Saudi Crown Prince Mohammed bin Salman is flanked by Evander Holyfield and FIFA President Gianni Infantino at the Oleksandr Usyk-Anthony Joshua rematch on August 20, 2022. (Photo by Giuseppe Cacace/ AFP)

Warren, Hearn and Bob Arum – who co-promoted Fury-Ngannou – and Fury, Usyk and Joshua are far from the first to willingly accept money from potentially damaging sources. The alleged narcoterrorist Daniel Kinahan continues to cast a shadow over boxing; the Thrilla in Manila and the Rumble in the Jungle, perhaps the two most storied heavyweight title fights of all time, were bought by the cruelest of dictators, respectively Ferdinand Marcos of the Philippines and Mobutu Sese Seko of Zaire. Of the sports continuing to work with Saudi Arabia, however, boxing is the one that first readily accepted their money.

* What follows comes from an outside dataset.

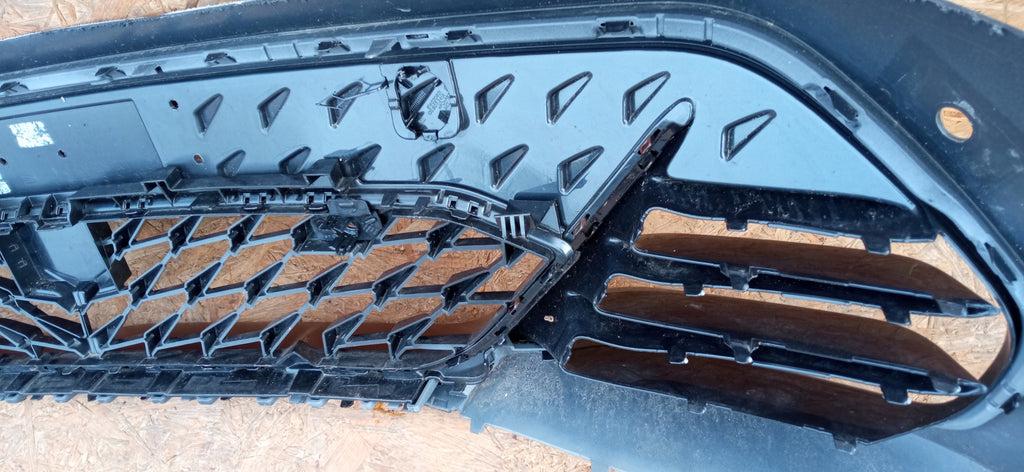 SEAT CUPRA BORN 21- ATRAPA GRILL KRATKA ŚRODKOWA ZDERZAKA PRZÓD 10E805903C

“They want the elite,” said Hearn, “and it’s always good to grow boxing in the territory, but they’re not going to be looking at British champions and saying, ‘Yeah, let’s bring him.’ [Ring Magazine cruiserweight champion] Jai Opetaia’s a good example – they watched him fight and said, ‘Let’s have him in Saudi Arabia.’”

In referencing Opetaia, Hearn had just been asked about Saudi Arabia’s approach of building from the top down instead of what appears for the long-term, but their approach regardless isn’t as one-dimensional as from a distance it might appear. In the weeks before Fury-Ngannou, contributors to The Ring were among those approached by the General Entertainment Authority regarding what was described as an “Editorial team position for a boxing venture in Saudi Arabia” – and it is little secret among those in the boxing media that there were then individuals they might describe as “colleagues” attempting to discourage those at Fury-Ngannou from reporting on the wider picture of the reality of the country at the expense of the event for which Saudi Arabia had paid. 

As ever, the web is as wide as it is potentially complicated, and successful at recruiting those whose priorities are perhaps even more short-term. In the same week in 2022 that Joshua was as unconvincing as so many of the world’s leading golfers and footballers when asked about Saudi Arabia’s sportswashing efforts, a woman by the name of Salma al-Shehab was sentenced to 34 years in prison there because, on social media, she followed and reposted dissidents. 

Given Fury’s historic association with Kinahan, the U.S. government’s sanctions against the Kinahan crime cartel and the fact that Fury was banned from entering America, it seems unlikely that Fury-Usyk – a fight first announced with little warning – would otherwise be taking place. Usyk-Joshua II also owed much to the power brokers of Saudi Arabia, and along with the vast finances, Usyk – a vocal, articulate, modest and unusually human ambassador for Ukraine at so significant a time in his country’s history – is in so many ways the counterintuitive common denominator in both.

Those involved in boxing were among the most natural and obvious of buyable assets within the greater picture of Saudi Arabia’s ambitions. Fury and Usyk – not unlike Muhammad Ali and Joe Frazier in the Philippines and Ali and George Foreman in Zaire – will share a reported purse of $154 million. But for all of the cost to Saudi Arabia, what will eventually be the cost to boxing and the wider world?